Working with checklists

A Planner task can also contain a checklist with its individual sub-items. Whenever a task has one, it is delivered as a single JSON string in the checklist column, looking something like this:

[{"id":"1","title":"Formulate strategies and plans","isChecked":false,"orderHint":"WI"},{"id":"0","title":"Analyze the business organization and personnel","isChecked":false,"orderHint":"jO"}]

This is just plain JSON, so we have all the usual options to get at the data. If we want to work with the individual checklist items as proper rows, we can drop a “Parse JSON” step into a dataflow and let Peakboard expand the string into a structured list. Alternatively, if we need more control or want to do something custom with the items, we can simply parse the string in a script. Whichever route fits the use case better, the checklist data is fully accessible.

Presenting the data

How the prepared data is finally presented is completely up to the use case - the example below is just one of many possibilities. Most of the time a styled list or a tile view is used to display the tasks in a clean, dashboard-friendly way.

Peakboard Planner Task Dashboard showing tasks as tiles with bucket, priority, dates, and completion

Creating a new task

So far we have only read data, but the extension also lets us write back to Planner. With the createTask function we can create a brand new task right from a Peakboard application. We just call the function as a Building Block and pass in the relevant parameters - the title, notes, the target bucket ID, a due date, the assignee IDs, and the priority.

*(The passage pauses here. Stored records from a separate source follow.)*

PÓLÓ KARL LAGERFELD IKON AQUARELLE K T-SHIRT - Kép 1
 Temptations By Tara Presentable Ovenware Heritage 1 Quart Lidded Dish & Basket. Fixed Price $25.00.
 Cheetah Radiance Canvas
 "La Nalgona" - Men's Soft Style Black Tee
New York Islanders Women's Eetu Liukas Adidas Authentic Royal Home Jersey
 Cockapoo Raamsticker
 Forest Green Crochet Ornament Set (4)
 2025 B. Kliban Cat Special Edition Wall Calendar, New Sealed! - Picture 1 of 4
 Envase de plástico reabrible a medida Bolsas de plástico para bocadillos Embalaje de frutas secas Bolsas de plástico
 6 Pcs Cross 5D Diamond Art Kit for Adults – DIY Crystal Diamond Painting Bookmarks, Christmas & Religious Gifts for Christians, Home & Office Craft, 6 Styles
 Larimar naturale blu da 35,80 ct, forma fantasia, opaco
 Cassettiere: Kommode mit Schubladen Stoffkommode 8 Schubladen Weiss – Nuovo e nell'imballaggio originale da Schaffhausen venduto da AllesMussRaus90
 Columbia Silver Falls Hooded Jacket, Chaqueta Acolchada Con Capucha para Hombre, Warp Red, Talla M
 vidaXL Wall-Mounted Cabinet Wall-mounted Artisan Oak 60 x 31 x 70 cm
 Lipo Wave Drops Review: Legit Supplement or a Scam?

Peakboard Building Blocks calling the createTask function with title, notes, bucket, due date, assignee, and priority parameters

A moment later the new task shows up in Planner exactly where we put it, with all the values we passed in. From here on it behaves like any other task on the board.

New Planner task created from a Peakboard application showing up in the Initiating bucket

Creating tasks is not the only write operation. The extension offers a second Planner function that lets us move a task from one bucket to another - perfect for building a touch-friendly board where an operator can advance a task to the next stage with a single tap.

Conclusion

Microsoft Planner is a great example of how far we can push Peakboard beyond its built-in data sources. While the native connectors for calendars, Teams, ToDo, and SharePoint cover the most common Microsoft 365 scenarios out of the box, the Graph extension fills in everything else - and Planner is just one of many endpoints we can tap into this way. With a properly configured Azure Entra app, a couple of lists, a bit of dataflow polishing, and the write-back functions, we can turn a plain Planner board into a live, interactive shop-floor dashboard. Whenever the built-in data sources do not quite reach far enough, the Graph extension is the natural next step to extend them.